A student in Holland saw a lot of love come his way in the community. Aiden Nicholson is a 14-year-old who attends Holland Elementary School and has Chromosome 18 Ring Syndrome. 

Principal Lynne Van De Spiegle says the community got together and held some fundraisers.

"It was through the combined efforts of our local Lions group and our Holland Parent Advisory group," says Van De Spiegle. "He can't walk on his own. He had a walker, but it was recalled."

She notes there was a fault with the device and he required another. 

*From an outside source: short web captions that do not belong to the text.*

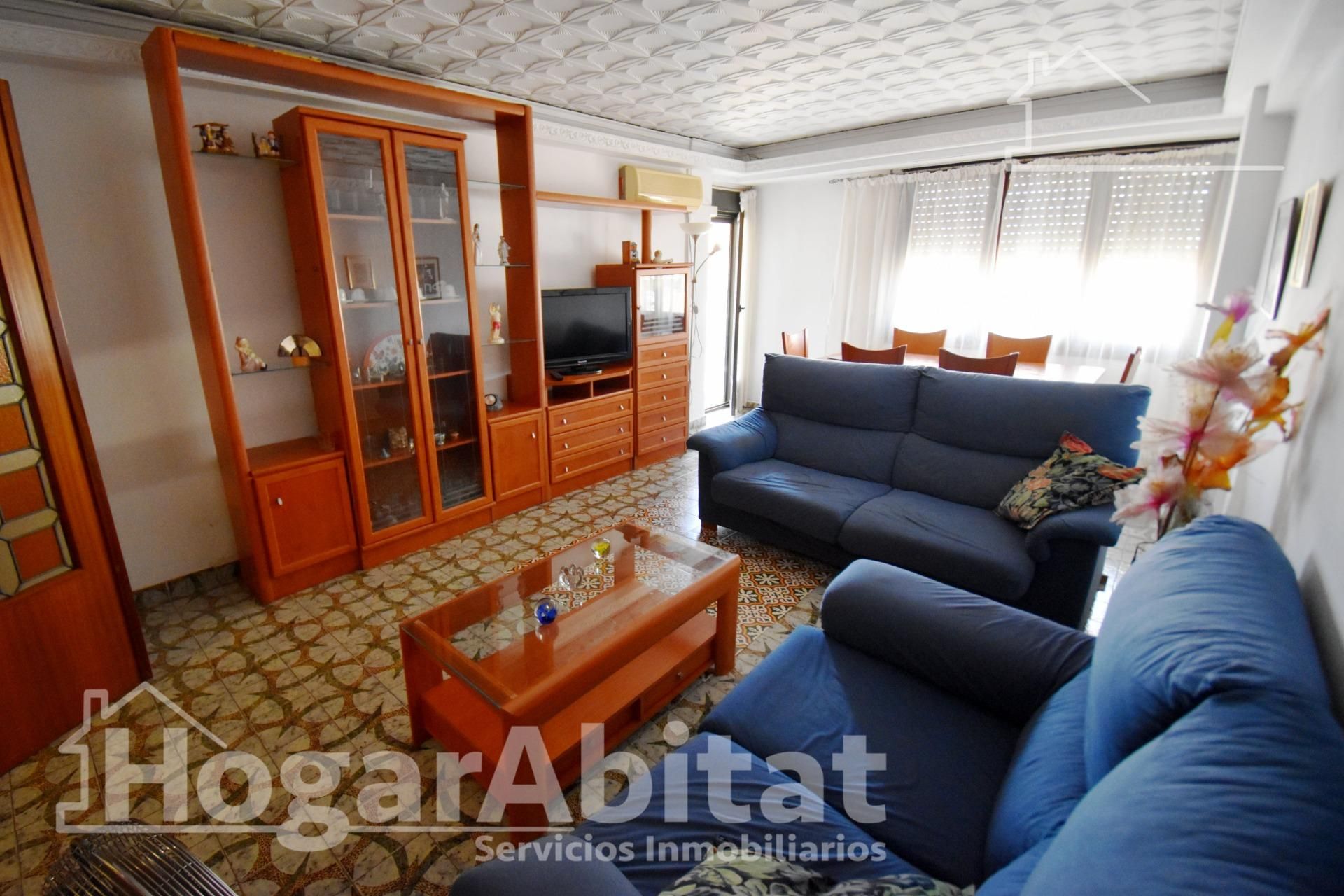 Living room of Flat for sale in Castellón de la Plana / Castelló de la Plana  with Air Conditioner, Heating and Balcony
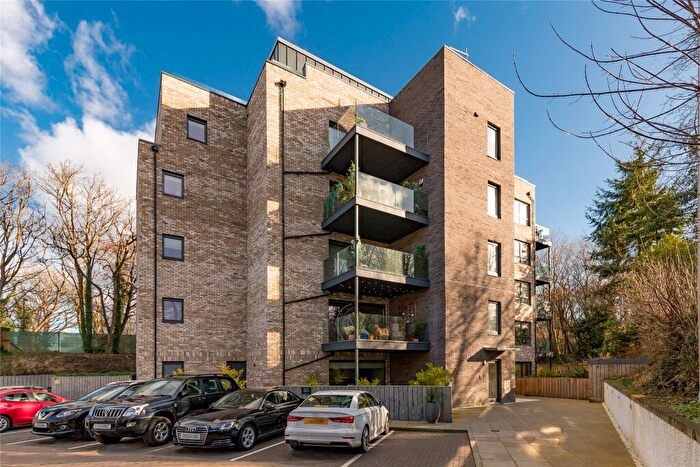 3 Bedroom Apartment For Sale In Groathill Road South, Edinburgh, Midlothian, EH4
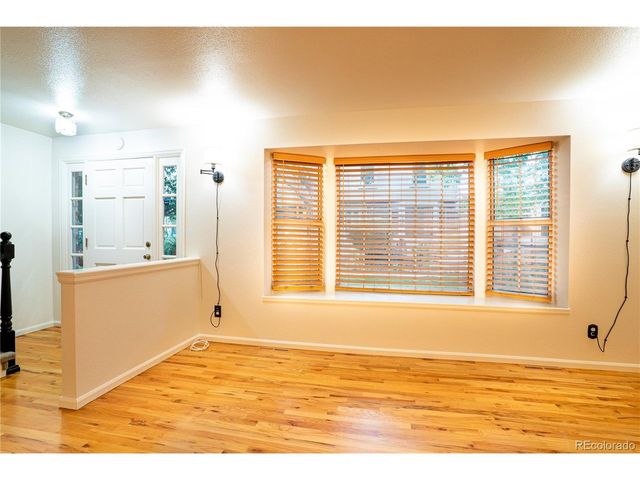 7562 S Cove Cir, Centennial, CO 80122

"It's called a gait trainer," continues Van De Spiegle. "It helps them stand up and be more mobile and stand up straighter to take some steps forward. The goal is to, hopefully, get him to be walking forward."

GaitGait trainer

She explains the students are involved in the effort and has a lot to do with Aiden in the school. 

"He's got an array of equipment that he goes in throughout the day," adds Van De Spiegle. He's got standing frames, and a bike, and he's very much integrated into this, specifically, the 3-4 classroom that he's in. He's part of their art projects. They buddy-read to him. They really do care deeply about Aiden and they want him to participate with them."

The new gait trainer is a nicer and easier way for students to be able to interact and around Aiden safely while he's able to move on his own with the device.  

"The funds came through in about a week-and-a-half to two weeks," adds Van De Spiegle. "At the time, we needed about $7,000 or $8,000 is what we thought we needed. It turned out to be a little bit over $9,000, but in about a week-and-a-half to two weeks, we had raised every penny and more that we needed -- probably well over $10,000 was raised."

She says that the Lions gave well over $4000 for the fish fry, and then some more for a little push. Through the community, they did their Starfish fundraiser. 

"For every dollar, you got your name put on a starfish," notes Van De Spiegle. "The bigger the starfish, the more that was donated. Those were put up all through town. The people and the community really came together to do this for aid and it was really quite remarkable."